Carphone comfortably beats expectations and its shares look reasonable value.
With its planned demerger of its telecommunications and retail divisions plus a nice rise in earnings, investors will have been eagerly awaiting Friday's interim results announcement from Carphone Warehouse (LSE: CPW). They will not have been disappointed.
Half-year figures came in ahead of expectations, prompting the company to raise its full-year forecasts and to reiterate that the demerger is going ahead as planned -- banking facilities have been agreed, and everything is still on schedule.
Revenues grew by 13% to £789m, but more importantly, pre-tax profit soared by 88%, to £75m, and earnings per share rose by the same proportion, to 6p.
Full-year earnings expectations have now been cranked up a notch, to between 14p and 15p per share, which is comfortably ahead of analysts' expectations of 13.6p. The same analysts also had 15.5p pencilled in for 2011, and we should probably expect them to raise that now.
Great cash flow
According to CEO Charles Dunstone, Talk Talk, the company's telecommunications division (which will be a separate company post-demerger), had a particularly good six months, adding 124,000 new subscribers during the period. The division also turned round its cash flow position, generating £75m of operating free cash flow this time against an outflow of £8m for the first six months of last year. Full-year free cash flow is expected to amount to £120m (even with an additional £10m of capital expenditure).

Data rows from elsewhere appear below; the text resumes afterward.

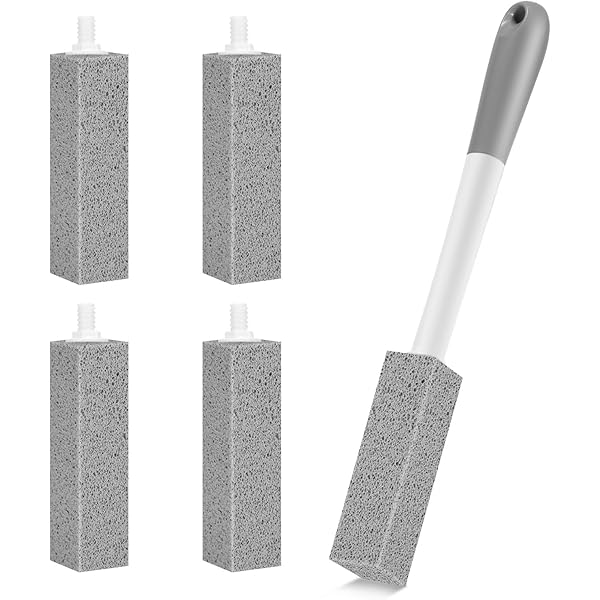 4 Pack Gnvop Toilet Pumice Stone with Long Handle,Pumice Stone Toilet Bowl Cleaner,1 Cleaning Handle, 4 No Touch Replaceable Piedra Pomez for Cleaning Toilets, Bathtubs, Grills, Swimming Pools, Sinks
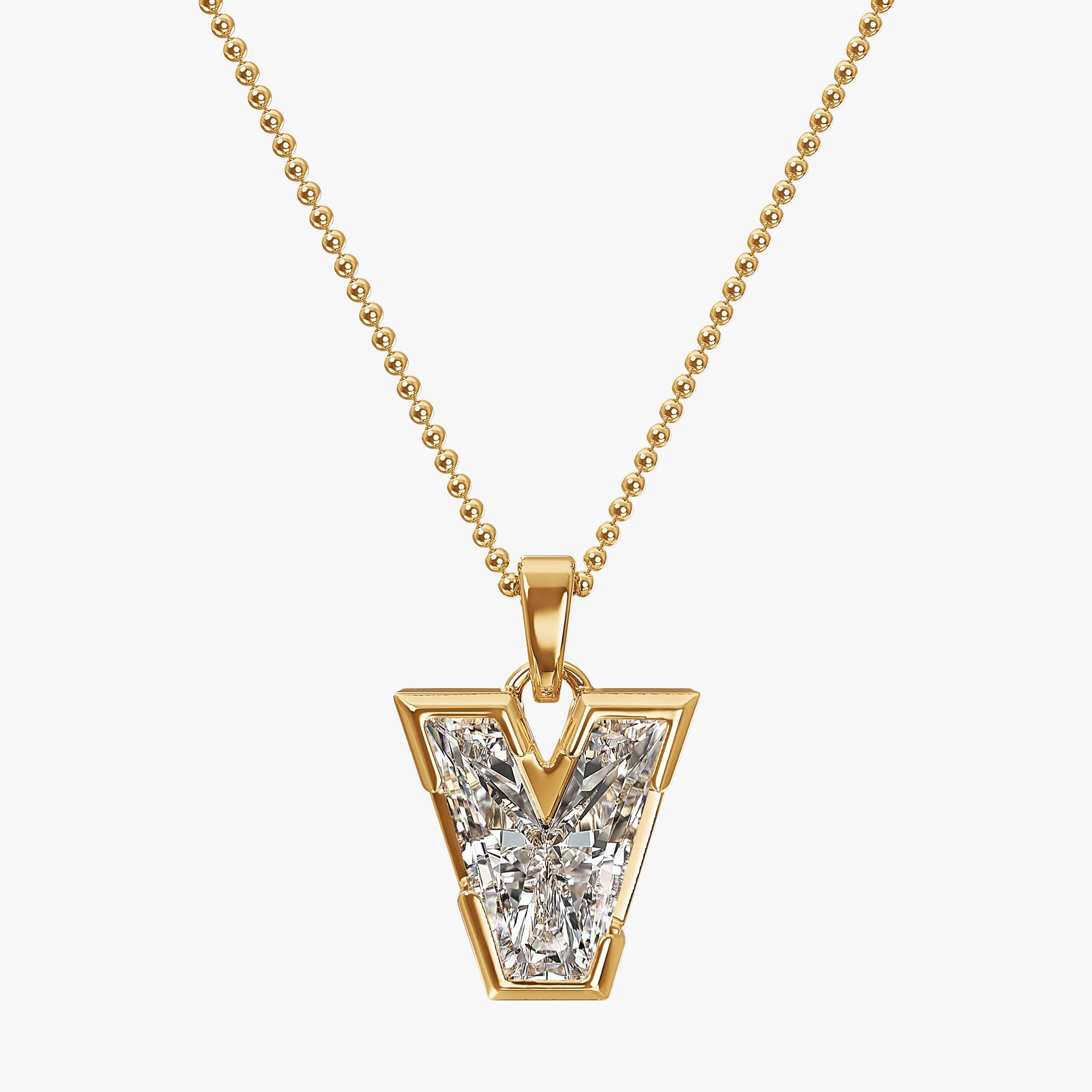 9MM ALPHABET SOLITAIRE DIAMOND LETTER PENDANT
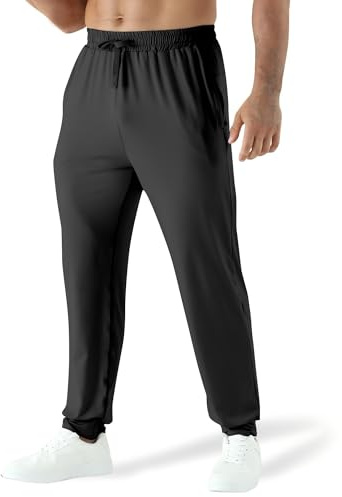 Jupmov Sweatpants for Men Lightweight Gym Track Pants | 4-Way Stretch Joggers with 3 Zip Pockets, Quick Dry Track Pants, Lightweight & Breathable Slim Fit Jogging Pants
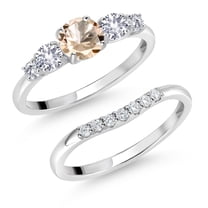 Gem Stone King 10K White Gold Peach Morganite White Created Sapphire and White Lab Grown Diamond 5 Stone Bridal Engagement Wedding Ring Set for Women (0.77 Cttw, Round: 5MM and 3MM, Size 5)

Talk Talk is now the UK's second largest broadband provider, behind BT Group (LSE: BT-A), after having acquired Tiscali in July this year.
The retail division, Best Buy, half-owned by the American firm Best Buy Electricals, also had a good six months, with like-for-like revenues growing 3.1% (on an actual currency basis), and with improvements in cash flow and working capital. Net free cash flow of £50m is expected for the full year.
Back to the high street
The first of the demerged Carphone Warehouse's new "Big Box" megastores are expected to be opened in Spring 2010, suggesting that the company is fairly confident that the worst of the high street woes are well behind us, and that consumers with cash to spend are starting to return.
If Carphone Warehouse, always a canny observer of the retail scene, is indeed so confident, that may well start to rub off on others, which should help the whole of the retail sector. The Christmas shopping season should present us with an early proving ground, especially as competition in the smart phone business hots up.
Apple's iPhone is now available on O2 and Orange networks, and Tesco (LSE: TSCO) has announced that it will also offer it. With others launching similar products and services, like Vodafone's (LSE: VOD) Vodafone 360 offering, a fair bit of the new business will surely go the way of Carphone Warehouse -- despite being able to compare offerings and subscribe online, a lot of people still like to walk into a shop and harangue an assistant into explaining the best deals.
Buy the shares?
So what is Carphone Warehouse looking like as an investment?
This week's figures show a company that is in control of its operations, has a clear forward strategy, and has the expertise needed to bring it to fruition. And net debt isn't too startling either -- even at the stated £361m, that's still relatively low compared to its half-year revenues of £789m and market cap of nearly £1.8bn.
It was only the acquisition of Tiscali earlier this year that was responsible for debt being even that high, and the company's focus on cash flow suggests that it would be able to get this debt down fairly quickly if need be -- and even if not, interest payments are easily covered.
It's perhaps surprising that the share price didn't respond more enthusiastically, gaining only 1% as I write. Forward P/E for the full year is about 13.3, based on the new full-year expectations. And if 2011's earnings are similarly uprated from current forecasts, we should be looking at a P/E of under 12 for that year.
For a long-term investment in a quality company, I think that's a good price -- even if it's perhaps not a screaming bargain.